WordPress AB testing Optimizely edit text
Editing element's text in Optimizely

In the textarea that pops up, just rewrite the text of the button with ALL CAPS, and click Done. That’s it, you now have your first variant set up! Time for the next one.

In the Experiment Variations tab, create a new variation, then click the same button to edit, but this time, choose Edit Classes. In my case, I already have three classes on this button (button, button-primary and save), so I’m going to change the button-primary to button-primary-dark, which will immediately load the new button color.

WordPress AB testing Optimizely edit class
Editing element's classes in Optimizely

Now that your experiment is ready, start it by clicking Start Experiment in the top right corner. Once you do that, a window will open with instructions on how to implement the code snippet. In my case, I’ll just paste the code into header.php in my theme, anywhere in the <head> tag will do.

Wait for test results

Now that your test is running, it’s time to observe results. In Optimizely, click options (right hand side of screen), then select view results. Since you’re just starting out, there will be no numbers yet, so feel free to close it for a couple of days when you should start seeing the first numbers.

WordPress AB testing Optimizely results
Optimizely result page

While you wait, I urge you to explore Optimizely a bit, what we done is barely scratched the surface of this powerful software which can do so much more - I’ll leave it up to you to discover what that is, and how can your business benefit from it.


When getting started with WordPress A/B testing, it’s easy to try and test everything; Don’t do that - instead focus on the most prominent elements of your site such as navigation naming and positioning, primary buttons, contact and subscription forms, and maybe background images (if you have them).

Also make sure that within the same test you run an experiment that tests one element in different ways, otherwise you won’t know what change really attributed to increase (or decrease) of visitor engagement at the end of it.

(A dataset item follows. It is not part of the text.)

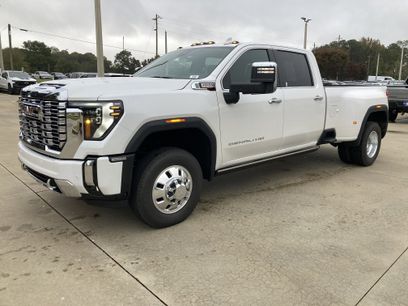 Used 2025 GMC Sierra 3500 Denali w/ Denali Reserve Package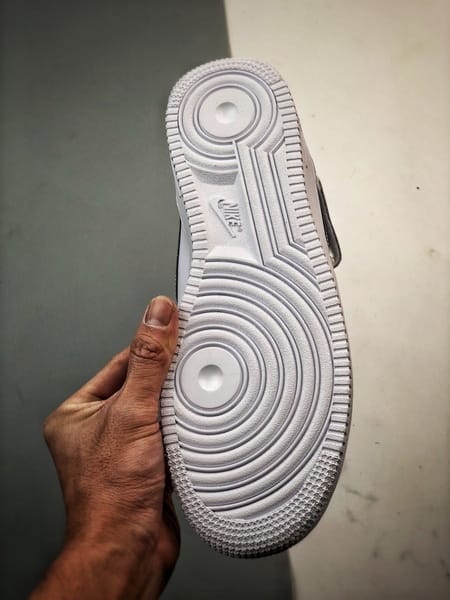 Air Force 1 07 Mid Cinzento e Azul Camurca - Vista 4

One mistake is also not being patient enough and drawing conclusions from tests that have not achieved high statistical significance (which just takes enough visitors to undergo the test). If you don’t have a high-traffic website it may take a while for your tests to finish, and that’s okay, at least you’ll know for certain (well for 95% certain) that it was indeed your test that caused the increase of engagement.

Another problem is what I like to call “missing the big picture”, meaning that you only test small elements while having the same overall look and feel, which brings you to local maximum if you test it thoroughly. To reach a global maximum, you’d have to drastically change the position of the elements, their colors, the copy,… So what you would test is a completely new version of your page (which would, in turn, also require testing all the elements on the micro level). Only after that, you’d know you’ve achieved truly optimized page. And zen.